Conversion of subcutaneous methadone from oral methadone

  • This should be done if there is inability to continue with the oral route because of nausea and vomiting or difficulties swallowing methadone in progressive disease.
  • The conversion ratio should be 50-66% of previous oral dose (2:1 or 3:2 conversion) based on oral bio-availability (5).
  • The continuous subcutaneous infusion should be started at the calculated dose between 8 and 24 hours after the last dose of oral methadone has been taken because blood levels take a long time to drop reflecting methadone long half-life.
  • Following switching of route of administration, all patients should be monitored for signs of pain or opioid side-effects using an opioid monitoring chart (Download PDF: Patient information – Methadone for pain relief). Should either of these occur the methadone dose should be modified accordingly.
  • Subcutaneous methadone is an irritant and can cause local site reactions.
  • These reactions can be reduced by:
    • Adding dexamethasone 0.66mg to the syringe containing methadone  (1, 5).
    • Maximising the dilution of the methadone by using a 30ml syringe.
    • Using sodium chloride 0.9% as the diluent (2).
    • Avoid mixing methadone with any drug other than dexamethasone in the same syringe whenever possible due to lack of compatibility data.
  • Breakthrough pain for patients receiving subcutaneous methadone should be managed with caution due to potential for accumulation. Up to two doses of 1/6 of the 24-hour dose is safe but beyond that an alternative short-acting opioid may be preferable. It should be noted that patients well pain controlled on regular methadone rarely face complex pain at the end of life.

Conversion of methadone to other opioids

  • It is not recommended and rarely required clinically but if this is required for other reasons, patients and health care professionals should be warned that it could result in the return of severe pain.
  • This should only be undertaken by specialist palliative care teams and is not covered in the remit of this guidance. Please refer to SPCT or specialist pain teams.

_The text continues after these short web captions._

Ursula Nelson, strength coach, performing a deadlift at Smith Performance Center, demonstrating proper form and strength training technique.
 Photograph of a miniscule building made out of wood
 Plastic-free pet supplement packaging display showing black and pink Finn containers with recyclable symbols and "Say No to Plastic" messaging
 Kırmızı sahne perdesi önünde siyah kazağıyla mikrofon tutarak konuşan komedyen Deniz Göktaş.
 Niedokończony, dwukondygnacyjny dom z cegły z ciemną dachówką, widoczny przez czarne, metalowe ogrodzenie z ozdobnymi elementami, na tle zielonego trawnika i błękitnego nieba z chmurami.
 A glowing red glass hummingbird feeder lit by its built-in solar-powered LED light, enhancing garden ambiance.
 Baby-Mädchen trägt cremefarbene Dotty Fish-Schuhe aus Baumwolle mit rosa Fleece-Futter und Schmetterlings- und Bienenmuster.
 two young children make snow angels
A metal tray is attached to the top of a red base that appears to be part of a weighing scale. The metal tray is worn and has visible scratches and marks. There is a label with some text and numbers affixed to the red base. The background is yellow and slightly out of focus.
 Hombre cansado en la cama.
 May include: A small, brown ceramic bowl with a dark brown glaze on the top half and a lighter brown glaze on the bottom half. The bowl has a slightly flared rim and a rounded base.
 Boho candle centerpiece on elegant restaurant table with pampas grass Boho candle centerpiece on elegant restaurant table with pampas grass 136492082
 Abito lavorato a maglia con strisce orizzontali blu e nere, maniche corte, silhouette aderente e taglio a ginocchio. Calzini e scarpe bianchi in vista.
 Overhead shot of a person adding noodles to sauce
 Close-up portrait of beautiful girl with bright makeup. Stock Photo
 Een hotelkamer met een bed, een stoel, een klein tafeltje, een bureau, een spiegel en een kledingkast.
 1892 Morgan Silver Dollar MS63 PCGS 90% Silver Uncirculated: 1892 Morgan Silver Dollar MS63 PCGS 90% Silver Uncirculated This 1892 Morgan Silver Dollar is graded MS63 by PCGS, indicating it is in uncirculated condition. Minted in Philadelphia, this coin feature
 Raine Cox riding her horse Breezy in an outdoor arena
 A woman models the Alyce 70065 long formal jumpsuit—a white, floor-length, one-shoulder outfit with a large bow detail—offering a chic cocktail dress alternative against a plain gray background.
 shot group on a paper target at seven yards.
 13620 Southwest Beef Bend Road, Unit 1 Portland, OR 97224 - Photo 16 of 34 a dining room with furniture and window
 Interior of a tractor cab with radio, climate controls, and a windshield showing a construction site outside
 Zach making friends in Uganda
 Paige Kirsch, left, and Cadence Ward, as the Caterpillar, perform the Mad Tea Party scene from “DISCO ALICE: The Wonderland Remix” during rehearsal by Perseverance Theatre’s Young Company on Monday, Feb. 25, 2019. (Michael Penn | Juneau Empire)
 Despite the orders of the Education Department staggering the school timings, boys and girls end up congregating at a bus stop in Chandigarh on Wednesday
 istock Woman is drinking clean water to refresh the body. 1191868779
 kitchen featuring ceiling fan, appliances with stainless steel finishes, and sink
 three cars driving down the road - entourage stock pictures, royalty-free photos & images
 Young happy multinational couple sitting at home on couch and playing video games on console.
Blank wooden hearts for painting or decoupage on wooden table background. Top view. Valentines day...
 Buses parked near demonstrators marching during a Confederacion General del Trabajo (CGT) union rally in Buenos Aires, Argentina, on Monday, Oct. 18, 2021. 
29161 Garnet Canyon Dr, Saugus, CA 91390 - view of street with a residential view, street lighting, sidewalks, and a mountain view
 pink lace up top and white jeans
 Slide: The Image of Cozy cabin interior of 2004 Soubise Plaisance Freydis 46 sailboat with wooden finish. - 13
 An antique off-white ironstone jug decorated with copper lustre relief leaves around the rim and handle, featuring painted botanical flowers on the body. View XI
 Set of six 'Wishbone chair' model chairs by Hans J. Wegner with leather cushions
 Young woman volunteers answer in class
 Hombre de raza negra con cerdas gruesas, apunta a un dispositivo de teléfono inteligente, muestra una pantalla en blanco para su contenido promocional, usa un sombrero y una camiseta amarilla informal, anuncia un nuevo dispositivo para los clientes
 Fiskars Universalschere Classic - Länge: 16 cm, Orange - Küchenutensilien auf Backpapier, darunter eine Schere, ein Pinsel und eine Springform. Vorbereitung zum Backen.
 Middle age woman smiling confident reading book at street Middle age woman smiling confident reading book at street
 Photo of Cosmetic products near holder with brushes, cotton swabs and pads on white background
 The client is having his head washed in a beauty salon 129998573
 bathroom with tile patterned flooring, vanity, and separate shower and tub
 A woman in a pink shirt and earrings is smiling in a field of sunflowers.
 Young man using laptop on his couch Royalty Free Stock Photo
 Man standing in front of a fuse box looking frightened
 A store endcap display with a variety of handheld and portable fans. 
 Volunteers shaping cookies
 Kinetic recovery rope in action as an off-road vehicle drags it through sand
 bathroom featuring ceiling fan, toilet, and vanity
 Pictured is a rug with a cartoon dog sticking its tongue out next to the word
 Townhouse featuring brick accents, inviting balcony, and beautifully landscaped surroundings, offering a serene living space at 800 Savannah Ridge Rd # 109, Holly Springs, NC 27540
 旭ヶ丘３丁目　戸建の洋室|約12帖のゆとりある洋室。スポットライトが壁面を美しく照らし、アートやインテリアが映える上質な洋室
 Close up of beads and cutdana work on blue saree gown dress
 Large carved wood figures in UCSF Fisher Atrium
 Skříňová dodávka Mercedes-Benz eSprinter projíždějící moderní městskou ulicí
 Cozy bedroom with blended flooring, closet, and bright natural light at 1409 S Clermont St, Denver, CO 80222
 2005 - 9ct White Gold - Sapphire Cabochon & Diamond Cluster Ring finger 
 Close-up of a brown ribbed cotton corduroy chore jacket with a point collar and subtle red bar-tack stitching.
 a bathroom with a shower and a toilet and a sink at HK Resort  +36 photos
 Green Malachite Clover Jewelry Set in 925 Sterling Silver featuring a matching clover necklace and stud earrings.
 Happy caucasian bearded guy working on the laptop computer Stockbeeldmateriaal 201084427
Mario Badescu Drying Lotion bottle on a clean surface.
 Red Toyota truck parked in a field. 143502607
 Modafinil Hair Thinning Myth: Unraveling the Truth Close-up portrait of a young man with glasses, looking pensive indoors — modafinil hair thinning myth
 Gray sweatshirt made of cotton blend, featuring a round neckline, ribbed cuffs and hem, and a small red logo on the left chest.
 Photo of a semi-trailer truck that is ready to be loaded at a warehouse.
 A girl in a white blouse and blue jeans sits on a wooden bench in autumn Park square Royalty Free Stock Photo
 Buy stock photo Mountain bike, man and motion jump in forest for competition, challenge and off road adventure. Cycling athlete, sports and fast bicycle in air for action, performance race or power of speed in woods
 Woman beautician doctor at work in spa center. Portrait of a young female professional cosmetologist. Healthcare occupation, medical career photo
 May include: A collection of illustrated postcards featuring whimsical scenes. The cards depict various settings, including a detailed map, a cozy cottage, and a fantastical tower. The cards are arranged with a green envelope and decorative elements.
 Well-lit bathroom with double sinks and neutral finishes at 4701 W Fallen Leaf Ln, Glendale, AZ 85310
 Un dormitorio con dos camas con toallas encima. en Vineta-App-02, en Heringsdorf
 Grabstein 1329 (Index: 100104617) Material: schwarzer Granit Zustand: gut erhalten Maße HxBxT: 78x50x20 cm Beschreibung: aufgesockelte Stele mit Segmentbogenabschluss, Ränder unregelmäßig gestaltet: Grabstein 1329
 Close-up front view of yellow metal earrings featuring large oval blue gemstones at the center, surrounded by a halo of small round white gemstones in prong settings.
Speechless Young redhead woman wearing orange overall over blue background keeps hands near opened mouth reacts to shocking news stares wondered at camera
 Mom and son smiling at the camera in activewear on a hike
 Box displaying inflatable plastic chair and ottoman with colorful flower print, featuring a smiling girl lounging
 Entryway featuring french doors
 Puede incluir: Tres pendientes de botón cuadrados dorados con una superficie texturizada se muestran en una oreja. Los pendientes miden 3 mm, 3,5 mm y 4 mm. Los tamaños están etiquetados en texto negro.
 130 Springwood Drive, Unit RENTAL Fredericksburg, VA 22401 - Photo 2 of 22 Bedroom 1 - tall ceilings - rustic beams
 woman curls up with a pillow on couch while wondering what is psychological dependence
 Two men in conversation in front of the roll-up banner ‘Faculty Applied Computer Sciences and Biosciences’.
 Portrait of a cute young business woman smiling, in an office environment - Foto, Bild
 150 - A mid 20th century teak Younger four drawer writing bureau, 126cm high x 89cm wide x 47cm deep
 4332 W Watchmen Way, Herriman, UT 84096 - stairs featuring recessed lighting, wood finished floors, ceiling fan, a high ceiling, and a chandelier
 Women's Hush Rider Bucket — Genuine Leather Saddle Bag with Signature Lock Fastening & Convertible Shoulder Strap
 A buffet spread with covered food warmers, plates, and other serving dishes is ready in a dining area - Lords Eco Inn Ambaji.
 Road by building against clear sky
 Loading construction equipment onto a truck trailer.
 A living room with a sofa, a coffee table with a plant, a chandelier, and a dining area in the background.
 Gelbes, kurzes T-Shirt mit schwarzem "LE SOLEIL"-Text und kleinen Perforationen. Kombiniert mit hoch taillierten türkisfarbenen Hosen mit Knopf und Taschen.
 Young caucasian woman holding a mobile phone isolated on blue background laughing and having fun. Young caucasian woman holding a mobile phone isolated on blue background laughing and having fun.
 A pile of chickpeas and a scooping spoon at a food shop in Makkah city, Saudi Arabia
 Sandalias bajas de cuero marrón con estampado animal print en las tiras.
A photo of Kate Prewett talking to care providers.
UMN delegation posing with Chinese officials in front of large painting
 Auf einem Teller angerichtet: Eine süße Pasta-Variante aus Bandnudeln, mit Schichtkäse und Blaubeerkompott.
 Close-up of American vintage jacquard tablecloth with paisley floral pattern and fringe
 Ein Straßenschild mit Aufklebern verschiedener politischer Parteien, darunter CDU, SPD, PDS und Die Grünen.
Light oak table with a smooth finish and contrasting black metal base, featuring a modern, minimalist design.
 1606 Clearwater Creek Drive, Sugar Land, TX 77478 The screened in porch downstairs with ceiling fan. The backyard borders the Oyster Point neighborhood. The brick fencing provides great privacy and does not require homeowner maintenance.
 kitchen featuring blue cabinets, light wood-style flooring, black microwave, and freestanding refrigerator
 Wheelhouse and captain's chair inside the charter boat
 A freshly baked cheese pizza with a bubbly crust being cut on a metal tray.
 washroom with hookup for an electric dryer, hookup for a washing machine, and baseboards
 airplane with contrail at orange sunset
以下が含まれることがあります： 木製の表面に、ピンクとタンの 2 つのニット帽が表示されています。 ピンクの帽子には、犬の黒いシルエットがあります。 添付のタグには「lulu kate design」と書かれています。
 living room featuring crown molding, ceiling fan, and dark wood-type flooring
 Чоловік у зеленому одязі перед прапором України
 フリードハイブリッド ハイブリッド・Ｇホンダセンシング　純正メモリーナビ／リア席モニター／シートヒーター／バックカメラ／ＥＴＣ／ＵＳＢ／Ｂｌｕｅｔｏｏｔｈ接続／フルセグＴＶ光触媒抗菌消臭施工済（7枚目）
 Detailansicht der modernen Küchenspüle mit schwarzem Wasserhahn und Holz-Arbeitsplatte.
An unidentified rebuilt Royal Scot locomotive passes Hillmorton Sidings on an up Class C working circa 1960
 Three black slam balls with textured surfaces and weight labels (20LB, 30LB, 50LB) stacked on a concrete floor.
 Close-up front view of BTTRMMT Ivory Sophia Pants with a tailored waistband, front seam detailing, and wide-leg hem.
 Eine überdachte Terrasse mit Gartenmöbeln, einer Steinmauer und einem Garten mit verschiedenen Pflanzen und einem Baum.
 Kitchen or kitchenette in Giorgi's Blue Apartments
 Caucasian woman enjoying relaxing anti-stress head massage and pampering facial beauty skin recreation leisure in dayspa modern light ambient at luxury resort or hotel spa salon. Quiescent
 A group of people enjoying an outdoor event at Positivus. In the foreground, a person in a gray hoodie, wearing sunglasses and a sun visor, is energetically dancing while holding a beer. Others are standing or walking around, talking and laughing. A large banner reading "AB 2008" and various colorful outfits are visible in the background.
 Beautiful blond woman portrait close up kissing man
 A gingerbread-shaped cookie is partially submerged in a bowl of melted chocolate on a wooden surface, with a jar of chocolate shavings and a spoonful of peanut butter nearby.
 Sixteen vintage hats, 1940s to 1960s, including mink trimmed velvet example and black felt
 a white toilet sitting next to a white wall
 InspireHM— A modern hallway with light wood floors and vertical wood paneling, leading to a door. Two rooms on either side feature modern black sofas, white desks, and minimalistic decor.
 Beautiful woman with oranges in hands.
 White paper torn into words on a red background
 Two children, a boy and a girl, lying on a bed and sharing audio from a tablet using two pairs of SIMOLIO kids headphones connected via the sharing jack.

Opioid withdrawal symptoms

(See references 3,5,6,12)

Opioid withdrawal syndrome is important to recognise and manage due to its unpleasant symptoms and due to a small but significant risk of death.

  • Patients should be monitored for signs of opioid withdrawal. Opioid withdrawal syndrome may resemble a severe flu-like illness characterised by:
    Rhinorrhoea, Sneezing, Yawning, Lacrimation, Abdominal cramping, Leg cramping, Piloerection, Nausea, Vomiting, Diarrhoea, Dilated pupils
    Some patients may also experience anxiety, restlessness, irritability and insomnia
  • Disorientation, hallucinations and seizures which are characteristic of delirium tremens are not seen in opioid withdrawal.
  • If a patient should experience signs of opioid withdrawal, they should be promptly referred to the specialist palliative care or pain team. Management options include:

    • Use of methadone in the same way as for analgesia
    • Administration of breakthrough doses of the previous opioid
    • A benzodiazepine can be added to control insomnia and muscle cramps

Disclaimer

These Guidelines are intended for use by healthcare professionals and the expectation is that they will use clinical judgement, medical, and nursing knowledge in applying the general principles and recommendations contained within. They are not meant to replace the many available texts on the subject of palliative care.

Some of the management strategies describe the use of drugs outside their licensed indications. They are, however, established and accepted good practice. Please refer to the current BNF for further guidance.

Whilst SPAGG takes every care to compile accurate information , we cannot guarantee its correctness and completeness, and it is subject to change. We do not accept responsibility for any loss, damage or expense resulting from the use of this information.